**The problem**
The tail of the records, from the line containing "EC-DXU, 1958 Vickers" through the final line, should be printed exactly and on its own.

**Input**

"""

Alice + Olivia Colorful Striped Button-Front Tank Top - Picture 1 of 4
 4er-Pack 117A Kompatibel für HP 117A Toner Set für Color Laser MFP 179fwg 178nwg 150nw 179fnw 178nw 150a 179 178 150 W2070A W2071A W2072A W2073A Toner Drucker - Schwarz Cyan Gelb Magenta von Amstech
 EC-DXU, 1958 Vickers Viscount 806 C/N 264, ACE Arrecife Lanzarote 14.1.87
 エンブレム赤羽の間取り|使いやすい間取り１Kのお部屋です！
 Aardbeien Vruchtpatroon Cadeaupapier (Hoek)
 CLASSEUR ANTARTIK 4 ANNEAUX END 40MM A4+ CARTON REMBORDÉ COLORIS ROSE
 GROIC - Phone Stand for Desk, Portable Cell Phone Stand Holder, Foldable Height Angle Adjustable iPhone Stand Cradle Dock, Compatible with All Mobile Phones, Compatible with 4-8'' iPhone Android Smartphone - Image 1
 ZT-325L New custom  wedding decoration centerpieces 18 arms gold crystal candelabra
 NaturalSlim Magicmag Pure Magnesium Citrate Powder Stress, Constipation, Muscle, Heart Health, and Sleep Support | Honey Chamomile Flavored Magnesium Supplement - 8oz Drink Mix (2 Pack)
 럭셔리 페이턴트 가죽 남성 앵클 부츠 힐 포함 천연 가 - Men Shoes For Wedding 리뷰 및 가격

"""

**Worked solution**
 EC-DXU, 1958 Vickers Viscount 806 C/N 264, ACE Arrecife Lanzarote 14.1.87
 エンブレム赤羽の間取り|使いやすい間取り１Kのお部屋です！
 Aardbeien Vruchtpatroon Cadeaupapier (Hoek)
 CLASSEUR ANTARTIK 4 ANNEAUX END 40MM A4+ CARTON REMBORDÉ COLORIS ROSE
 GROIC - Phone Stand for Desk, Portable Cell Phone Stand Holder, Foldable Height Angle Adjustable iPhone Stand Cradle Dock, Compatible with All Mobile Phones, Compatible with 4-8'' iPhone Android Smartphone - Image 1
 ZT-325L New custom  wedding decoration centerpieces 18 arms gold crystal candelabra
 NaturalSlim Magicmag Pure Magnesium Citrate Powder Stress, Constipation, Muscle, Heart Health, and Sleep Support | Honey Chamomile Flavored Magnesium Supplement - 8oz Drink Mix (2 Pack)
 럭셔리 페이턴트 가죽 남성 앵클 부츠 힐 포함 천연 가 - Men Shoes For Wedding 리뷰 및 가격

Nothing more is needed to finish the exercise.